* What the task requires *
Below are entries; output exactly the lines from the one with "ヒメ日記 2025/06/12 00:28 投稿 ともこ 豊満熟女" to the one with "Schlossweihnacht in Kranichfeld", both included, and nothing else.

* Dataset extract *
========================================

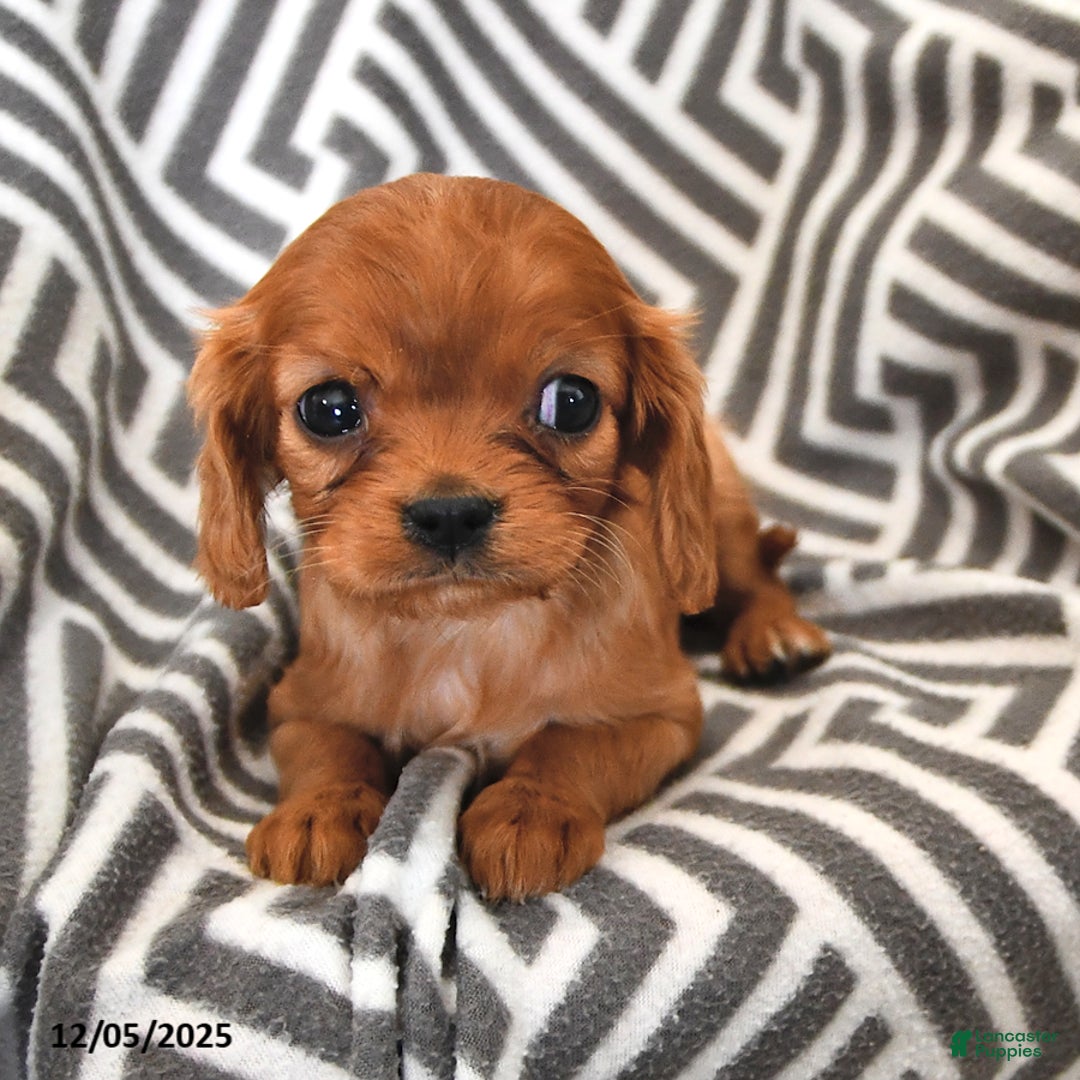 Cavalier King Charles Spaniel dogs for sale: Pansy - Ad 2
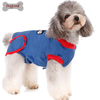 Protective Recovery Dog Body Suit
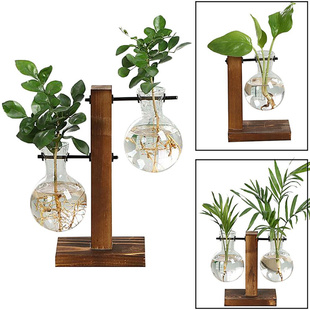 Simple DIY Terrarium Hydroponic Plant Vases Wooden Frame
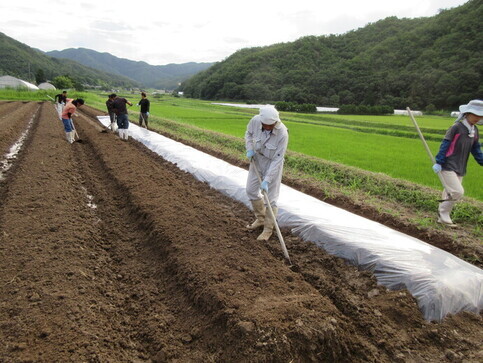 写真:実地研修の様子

========================================

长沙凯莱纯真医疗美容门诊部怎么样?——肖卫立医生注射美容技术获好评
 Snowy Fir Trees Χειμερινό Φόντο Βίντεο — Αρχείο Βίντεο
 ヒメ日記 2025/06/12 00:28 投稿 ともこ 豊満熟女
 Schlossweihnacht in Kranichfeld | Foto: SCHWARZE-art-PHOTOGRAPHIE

========================================

* Answer for this exercise *
 ヒメ日記 2025/06/12 00:28 投稿 ともこ 豊満熟女
 Schlossweihnacht in Kranichfeld | Foto: SCHWARZE-art-PHOTOGRAPHIE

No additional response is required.